Lots of the kids are excited about the arrival of MsgFiler, which is a neat litte app for helping you file away your messages in Mail.app:

MsgFiler is a plug-in for Apple Mail which quickly files emails into existing mailbox folders. MsgFiler’s fast searching means you just have to type a few characters to find the right mailbox. Move selected messages with a click or open a mailbox without having to navigate the mailbox folder pane. MsgFiler is optimized for keyboard-only usage, perfect for Apple Mail power users.


But I'll just play devil's advocate on this one: if you find yourself inordinately excited about the arrival of this (admittedly clever) application, there's an excellent chance that your email archiving system is unnecessarily complex and, in fact, is in need of a major streamlining. Discuss.

Me? Here's my own folder hierarchy (and the Mail Act-on key I use to send selected messages there.):

  • To Respond (CTRL-R)
  • Archived (CTRL-A)
    • Receipts and things I Bought (CTRL-B)
    • Passwords and account info (CTRL-P)

That's it. Personally, I abandoned the byzantine filing system quite a while ago, and so far -- given a mindful combination of Smart Folders and Spotlight -- I've yet to find a compelling case for manually filing beyond a depth of more than one folder.

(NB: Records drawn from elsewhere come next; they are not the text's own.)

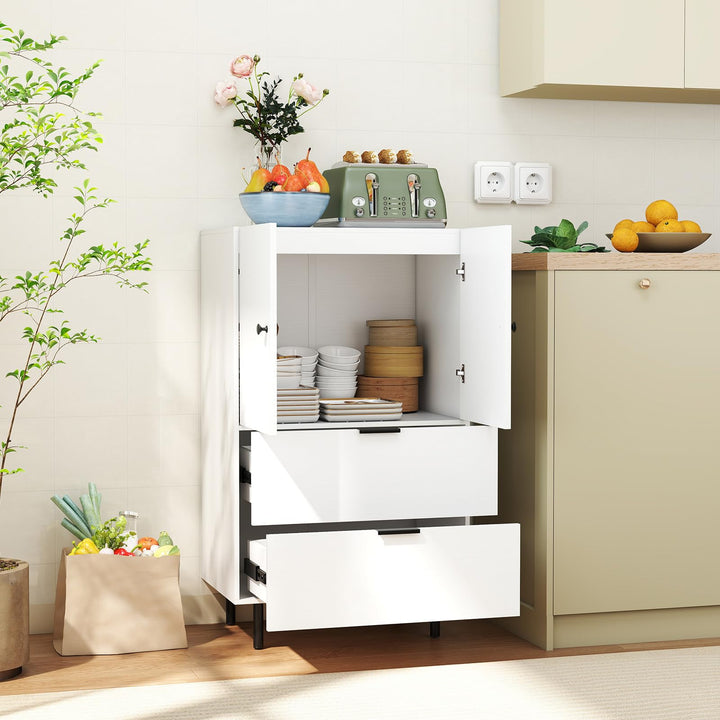 Giantex 2-Door Narrow Storage Sideboard Buffet Cabinet with Drawers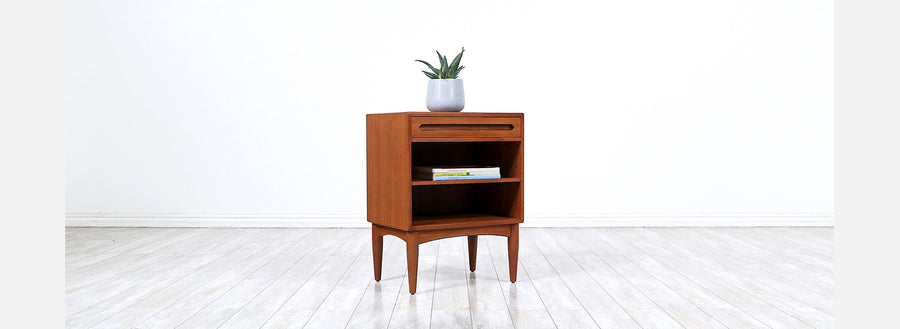 Danish Modern Teak Night Stand with Bookshelf by E.W. Bach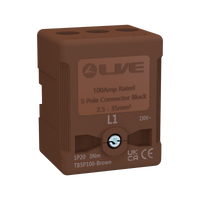 LIVE Electrical TB5P100-BROWN 5 Way 100A Rated Terminal Block Brown, Terminal Capacity up to 35mm2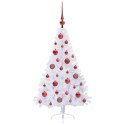 VidaXL Sztuczna choinka z 150 diodami LED Biały 120 cm PVC i stal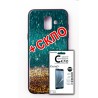 Комплект панель FINE LINE "Glam" для Samsung Galaxy A6 2018 (A600), золотой песок, ,Защитное стекло для Samsung Galaxy A6 2018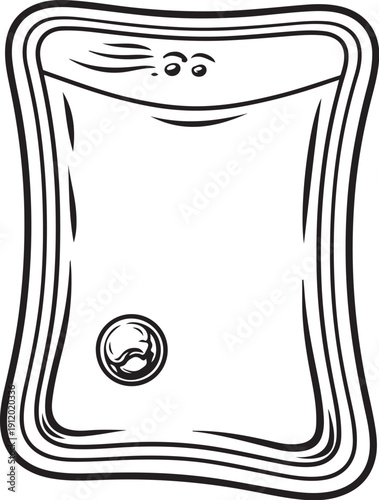 Hot Water Bottle Black and White Line Art Illustration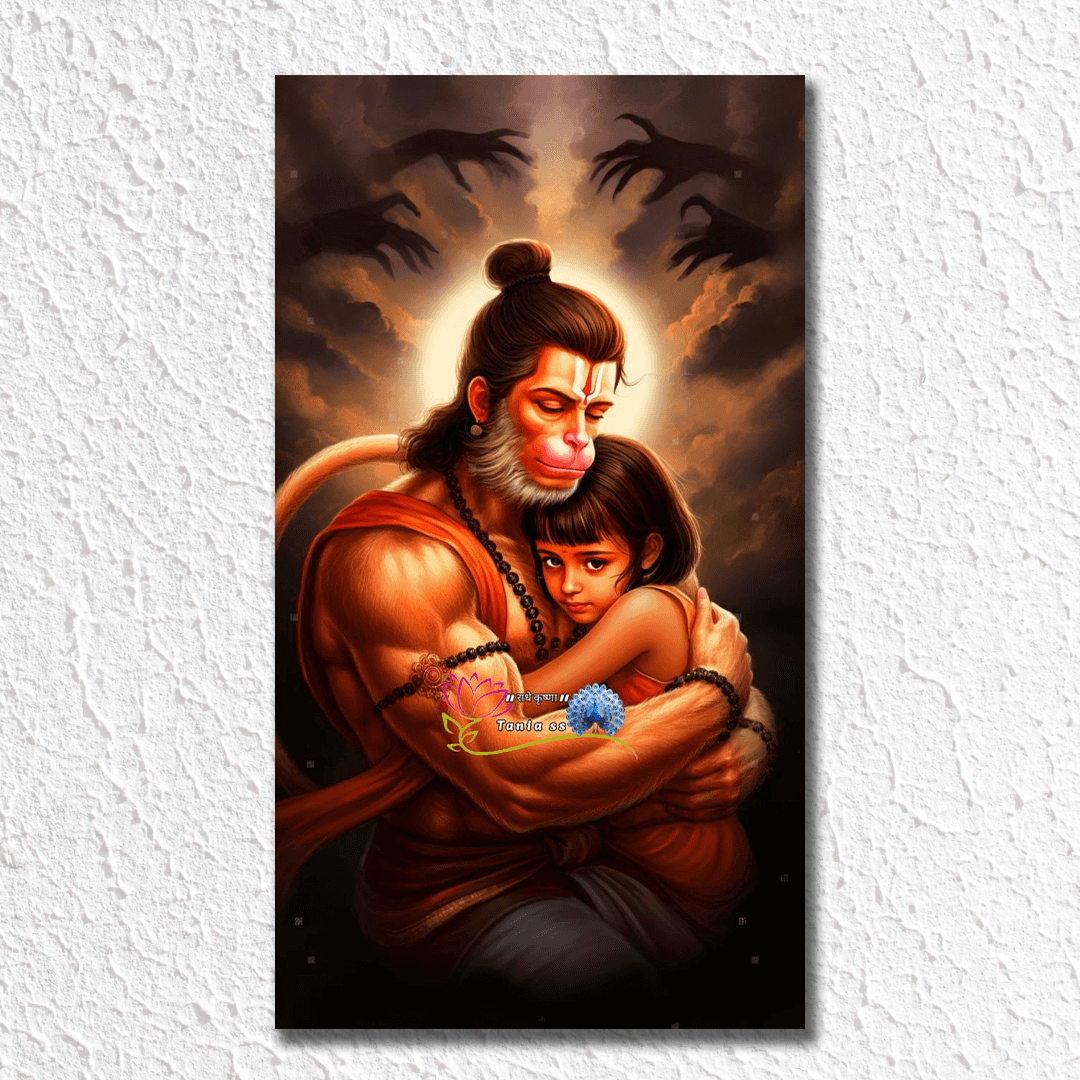 Lord Hanuman Protecting Kid Poster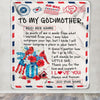 Personalized To My Godmother Gifts Blanket From Niece Nephew Cardinal Letter Air Mail Letter Birthday Gifts For Aunt Mothers Day Christmas Godmother Fleece Blanket | siriusteestore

So, my larger question for you guys with more than, say, five or so archive sub-folders:

How often are you using your archiving hierarchy to retrieve old mail? In other words, give me your success stories and best practices by which the time spent on meticulous manual filing has paid outsize rewards in finding stuff later. Or, perhaps better put: what are the limitations of Smart Folders, and what would need to change about them to get you out of the manual filing routine?

Because, I gotta tell you, it kinda seems like a lot of busy work given what seems like modest functional pay-off. But you school me...

Dan's picture

Here's my problem with "Reply-To"...

Here's my problem with "Reply-To" folders or flagging messages for further action: you're setting yourself up to re-read the email -- or, in GTD terms, to re-process the email. And those people who are drowning in email barely have time to read their email once; why read it twice?

I think it's far better to determine what the next action is, schedule time for that action on your calendar, and either delete the email or store it in an appropriate folder. I keep email folders for precisely this purpose: as a reference for action that I've already scheduled when I first processed the mail. (If you're an Outlook user, you can just drag the whole email into the appropriate date/time on your Calendar.) Handling mail this way means that you don't have to figure out WHEN you're going to respond to an email, and you don't have to review the "Reply-To" folder to see what responses you have to make. On the first round of processing, you've already figured out when you're going to handle that email.